Hi, One of my nodes, over the last 4 weeks, it has failed 8x Audit requests. Node is running on default backend - piecestore. Am I missing data somehow?
Each of the failed Audit looks like:
2025-05-12T18:06:07Z ERROR piecestore download failed {“Process”: “storagenode”, “Piece ID”: “BOOPW75ZPRAFWXIMI5ABY4TSBTMHTHZLRTTHJLIRPT7VSUCOMNJA”, “Satellite ID”: “12EayRS2V1kEsWESU9QMRseFhdxYxKicsiFmxrsLZHeLUtdps3S”, “Action”: “GET_AUDIT”, “Offset”: 1762048, “Size”: 256, “Remote Address”: “35.188.235.2:15964”, “error”: “hashstore: file does not exist”, “errorVerbose”: “hashstore: file does not exist\n\tstorj.io/storj/storagenode/hashstore.(*DB).Read:359\n\tstorj.io/storj/storagenode/piecestore.(*HashStoreBackend).Reader:298\n\tstorj.io/storj/storagenode/piecestore.(*MigratingBackend).Reader:180\n\tstorj.io/storj/storagenode/piecestore.(*TestingBackend).Reader:105\n\tstorj.io/storj/storagenode/piecestore.(*Endpoint).Download:676\n\tstorj.io/common/pb.DRPCPiecestoreDescription.Method.func2:302\n\tstorj.io/drpc/drpcmux.(*Mux).HandleRPC:33\n\tstorj.io/common/rpc/rpctracing.(*Handler).HandleRPC:62\n\tstorj.io/common/experiment.(*Handler).HandleRPC:43\n\tstorj.io/drpc/drpcserver.(*Server).handleRPC:166\n\tstorj.io/drpc/drpcserver.(*Server).ServeOne:108\n\tstorj.io/drpc/drpcserver.(*Server).Serve.func2:156\n\tstorj.io/drpc/drpcctx.(*Tracker).track:35”}
Are you seeing the audit % drop in the UI… or is this only something you see in your logs?

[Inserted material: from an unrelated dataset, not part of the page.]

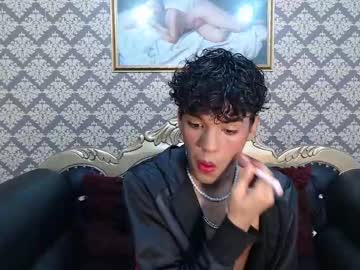 Kenny_18_ Chaturbate stream image from July 07, 2025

You could chkdsk/fsck/scrub to see if there are filesystem errors… but if I didn’t see my audit number dropping I’d probably just ignore it.
Maybe audits are coming in: and both the piecestore and hashstore backends are being triggered… and since you’re not using hashstore it’s just failing but not affecting anything?
Interesting. Perhaps it was a result of moving this piece to the trash and the sent recover command didn’t restore it (because of too late).
I do not remember, is PieceID logged, when it’s moved to the trash on info level?
Or there was a real piece lost, hashstore checked after piecestore.
I have a one more idea - could you please search one of the piece on your disk in the piecestore?
See how to convert a PieceID to the file:
Then these pieces are actually lost. However, a little bit concerning the fact that you have no evidence, that these pieces were ever uploaded to your node.
Concerning that I have missing data. Node is 15 months old, and I only keep six weeks of logs, not surprising I don’t have any other record of missing files.
. What surprised me, was that it’s looking in Hashstore for data, but that’s not enabled.
Hello. Yes, you’re right. I checked, and my old logs were deleted. I forgot to restart journald after increasing the log space
Unfortunately, now we can only guess what happened to this file. Similar issues haven’t occurred since, the node is new, only a month old. SMART is ok, filesystem ext4 (Linux host)
Everything is fine with this it’s a server in a data center. The only thing I did was increase the available disk space in the configuration file and restart the storagenode process via systemctl
The satellite may try to request it again, this would happen until it will not be deleted by the customer or if this segment would fail below the repair threshold and the pointer for this piece on your node could be removed.
Thanks for the information. There have been no more requests for this segment at this time, and the audit is again approaching 100%. (From 99.91 to 99.95)